Please, could you print all the lines below exactly, leaving out the pictures?

● PROVIDED DATA
------------------------------------

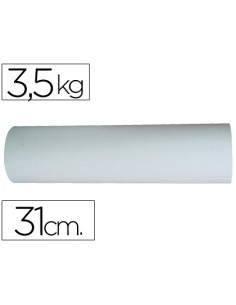 Papel kraft blanco bobina ancho 31cm longitud 250mt gramaje 50gr peso 3,5kg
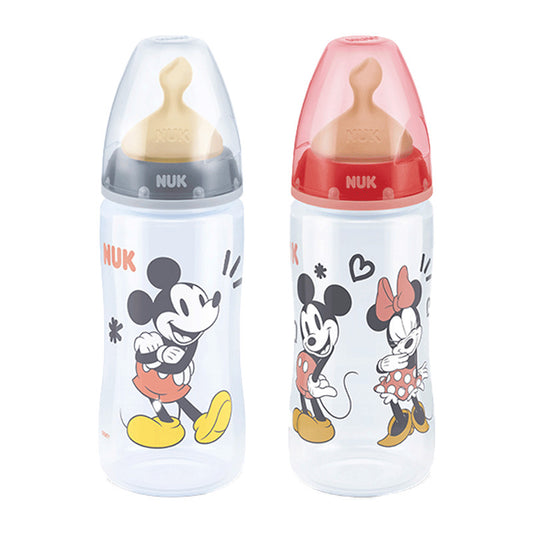 NUK Biberon Mickey First Choice Pp 0-6 M Latex 300 ml, 1 unidad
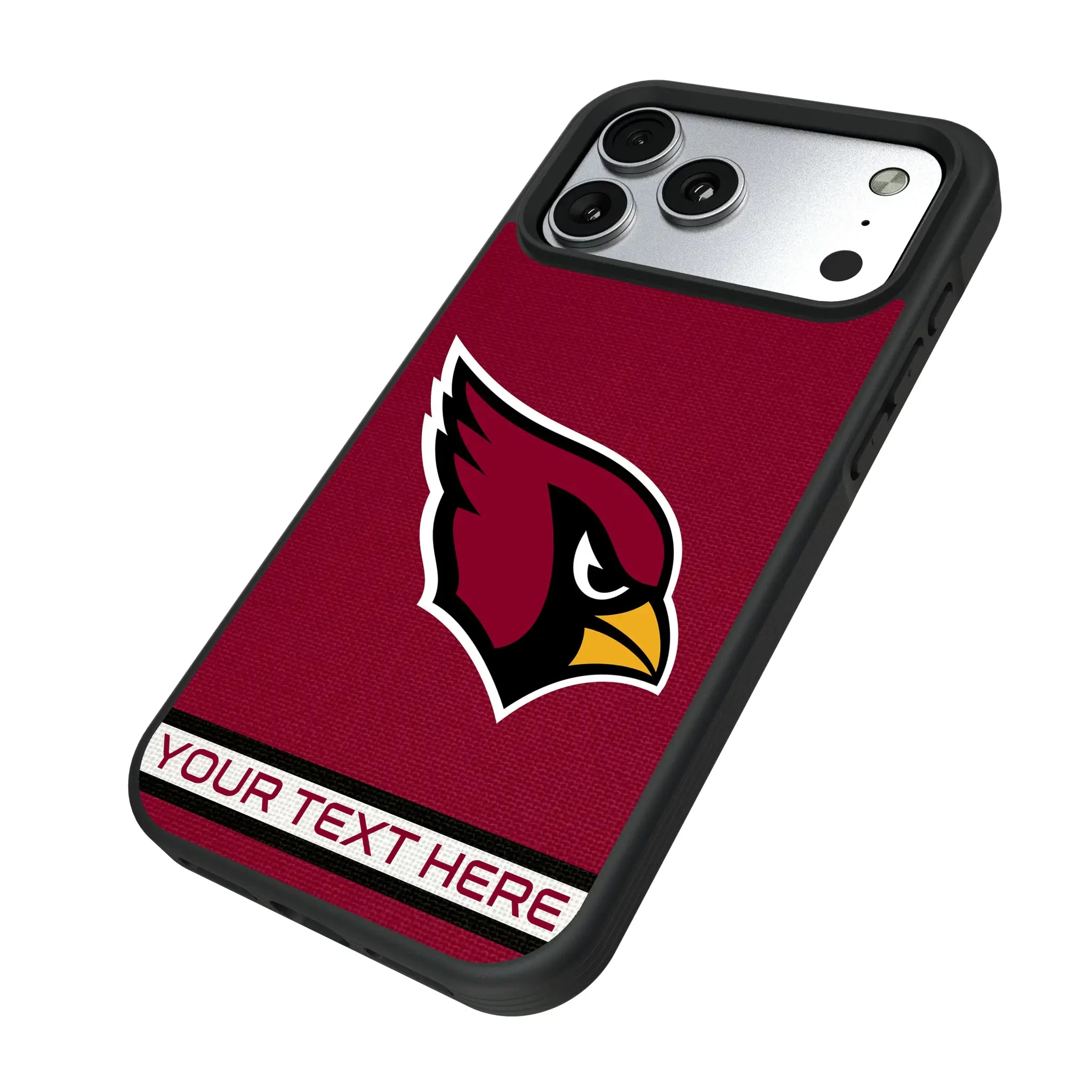 Arizona Cardinals Personalized Stripe iPhone Bump Phone Case for Apple iPhone - Isometric View#Device_iPhone 17 Pro Max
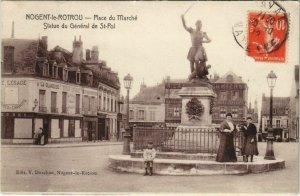 CPA NOGENT-le-ROTROU-Place du Marché-Statue du Général de St-Pol (28658)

------------------------------------

● WRITTEN ANSWER
 Papel kraft blanco bobina ancho 31cm longitud 250mt gramaje 50gr peso 3,5kg
 NUK Biberon Mickey First Choice Pp 0-6 M Latex 300 ml, 1 unidad
 Arizona Cardinals Personalized Stripe iPhone Bump Phone Case for Apple iPhone - Isometric View#Device_iPhone 17 Pro Max
 CPA NOGENT-le-ROTROU-Place du Marché-Statue du Général de St-Pol (28658)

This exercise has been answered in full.